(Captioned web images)
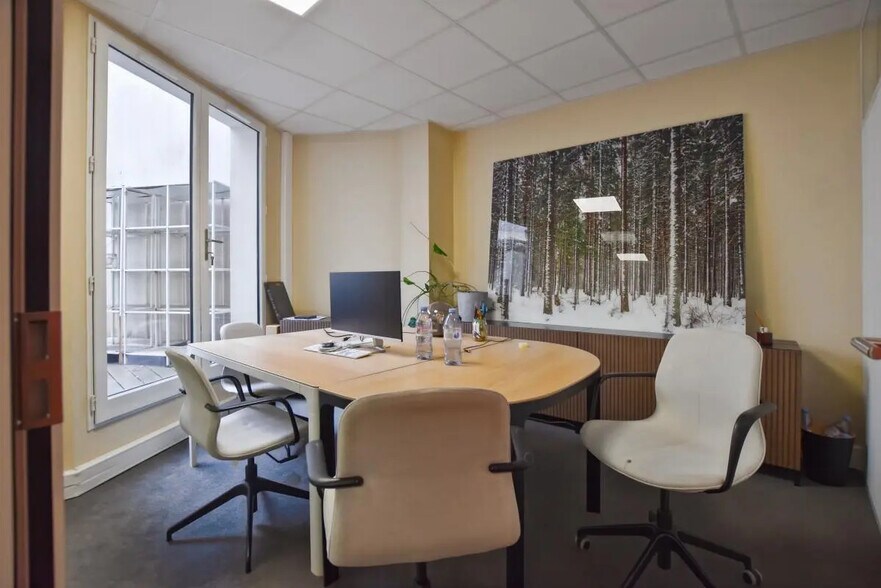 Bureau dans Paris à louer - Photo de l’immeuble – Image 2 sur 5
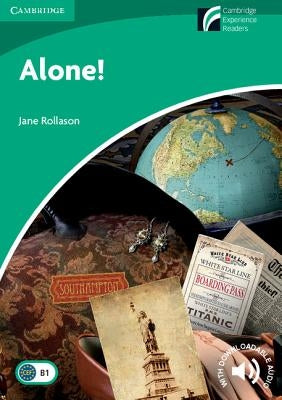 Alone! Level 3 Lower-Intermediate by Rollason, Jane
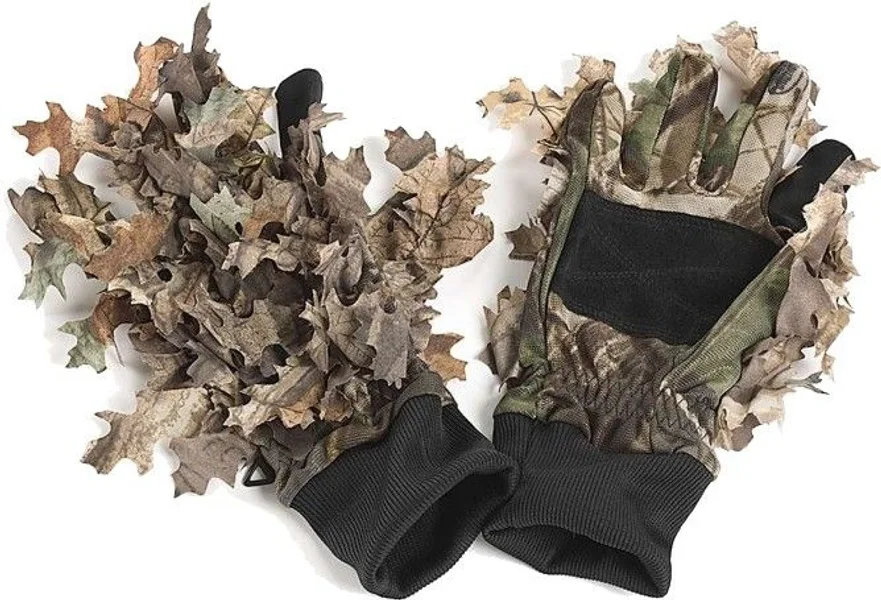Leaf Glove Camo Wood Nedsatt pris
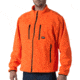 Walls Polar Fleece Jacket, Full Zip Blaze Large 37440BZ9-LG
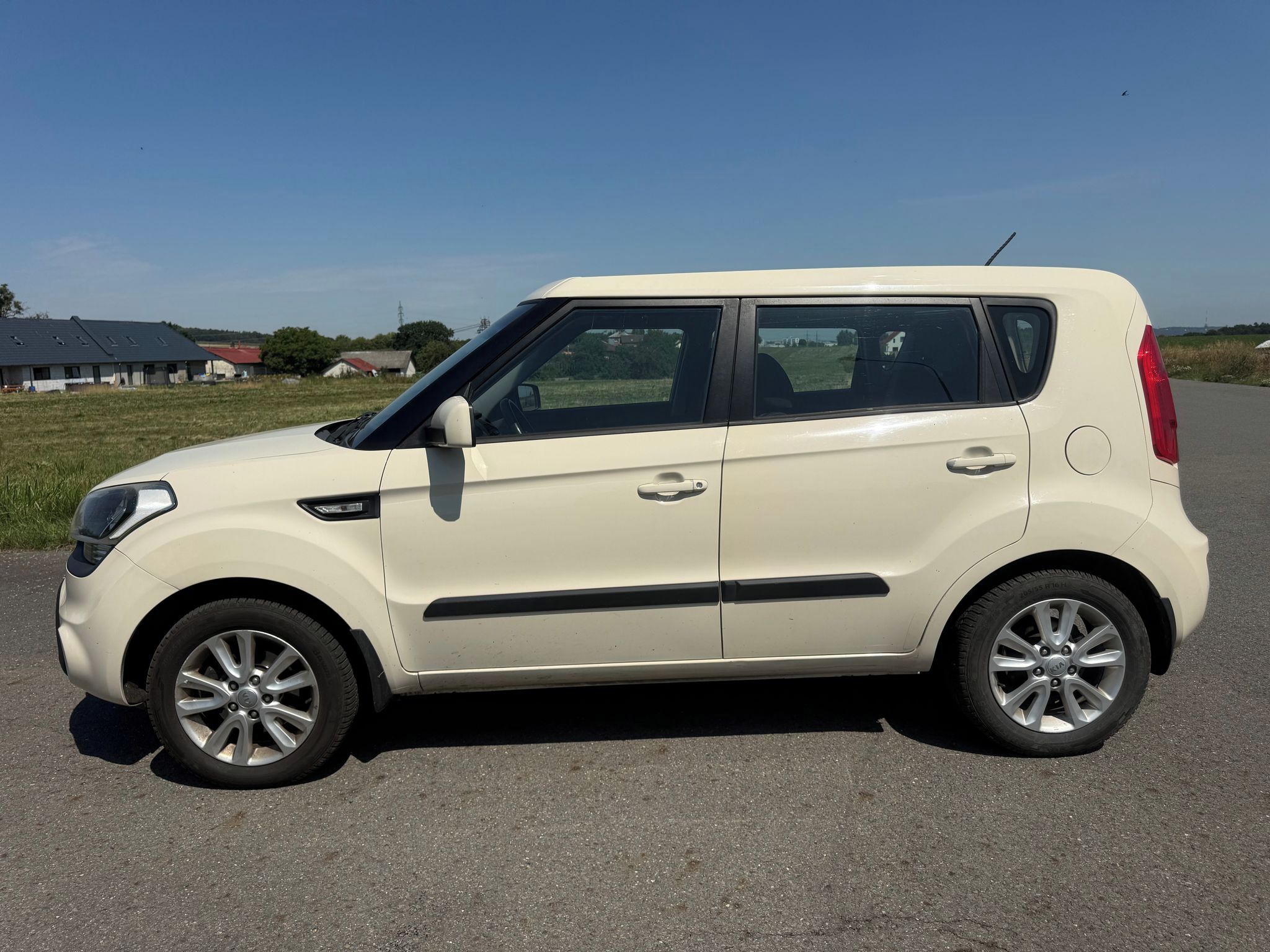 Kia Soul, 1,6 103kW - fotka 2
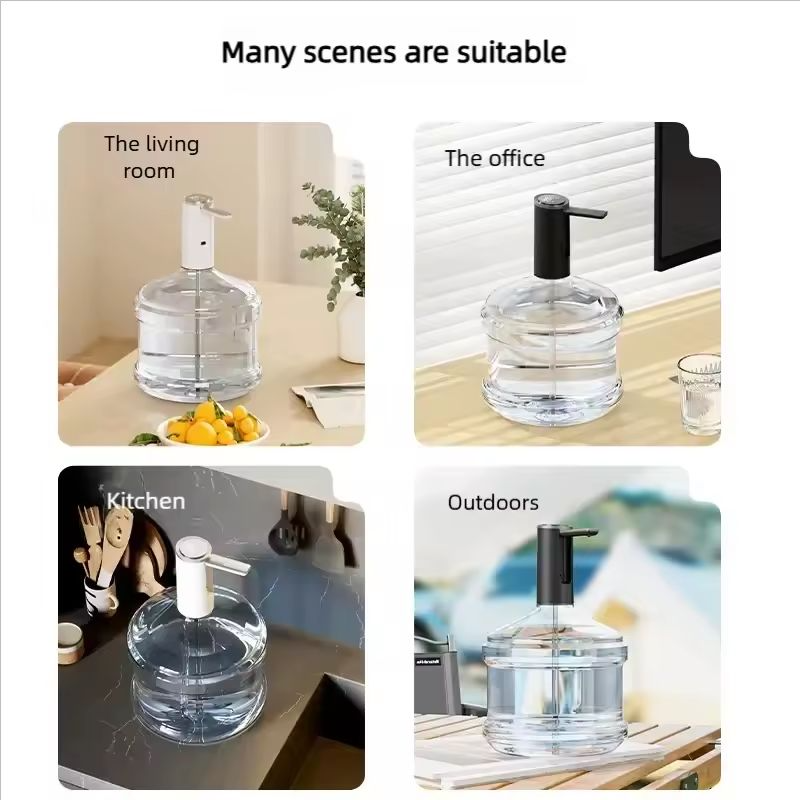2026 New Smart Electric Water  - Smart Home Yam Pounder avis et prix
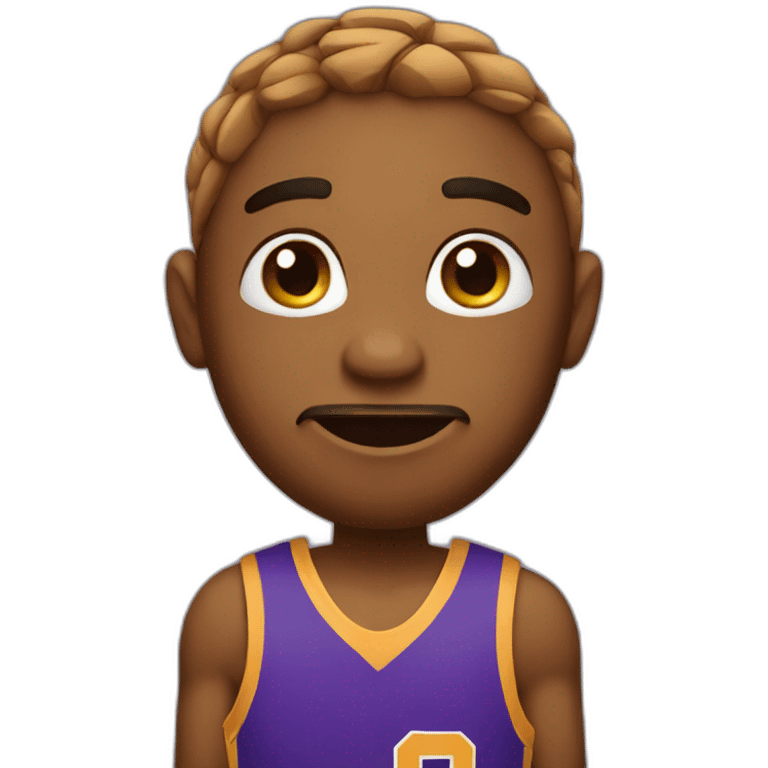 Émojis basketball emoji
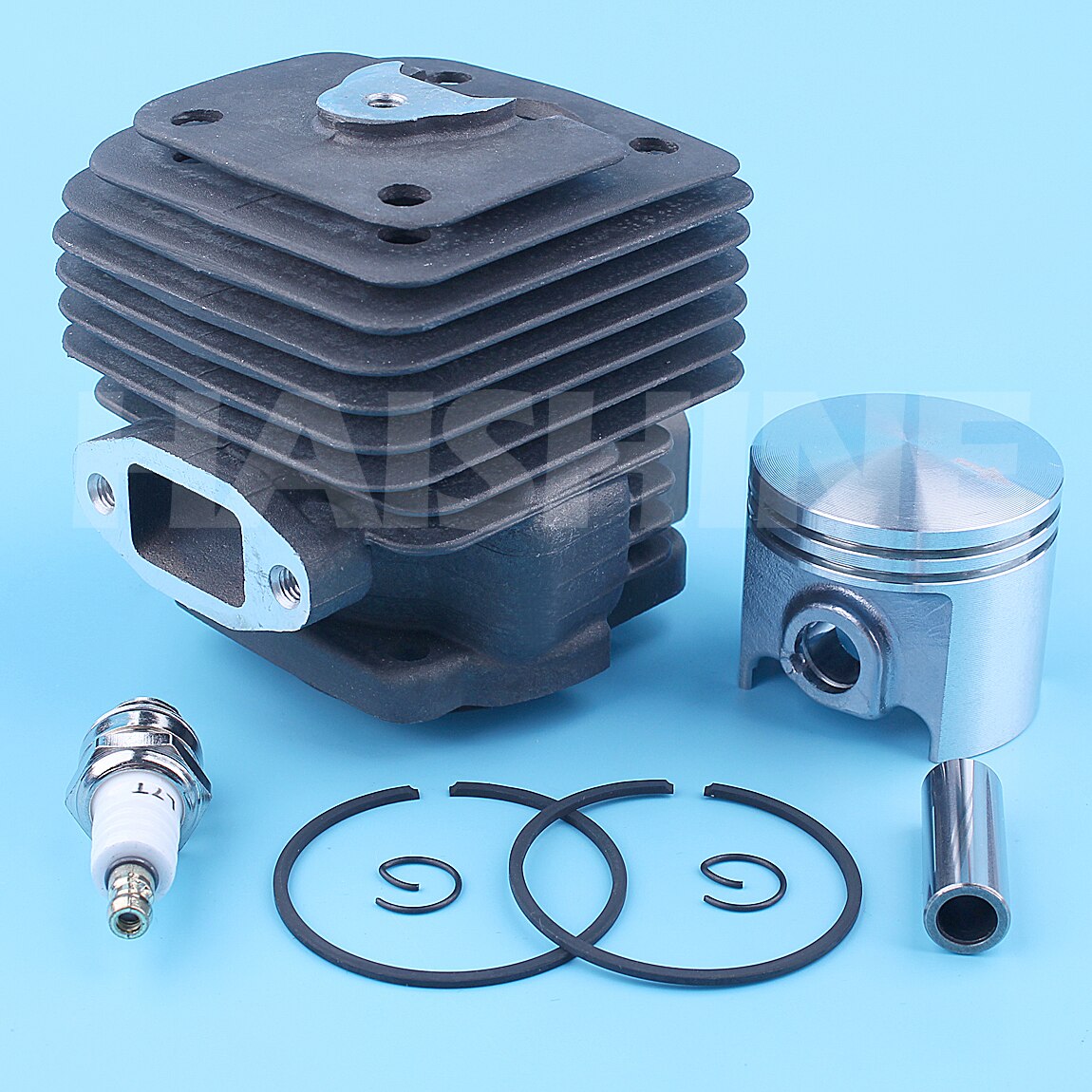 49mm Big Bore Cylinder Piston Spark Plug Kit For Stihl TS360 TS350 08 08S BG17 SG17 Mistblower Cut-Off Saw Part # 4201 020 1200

◆ **Action item**
Could you please repeat the entries above exactly, with every picture left out?

◆ **Exercise output**
 Bureau dans Paris à louer - Photo de l’immeuble – Image 2 sur 5
 Alone! Level 3 Lower-Intermediate by Rollason, Jane
Leaf Glove Camo Wood Nedsatt pris
 Walls Polar Fleece Jacket, Full Zip Blaze Large 37440BZ9-LG
 Kia Soul, 1,6 103kW - fotka 2
2026 New Smart Electric Water  - Smart Home Yam Pounder avis et prix
 Émojis basketball emoji
 49mm Big Bore Cylinder Piston Spark Plug Kit For Stihl TS360 TS350 08 08S BG17 SG17 Mistblower Cut-Off Saw Part # 4201 020 1200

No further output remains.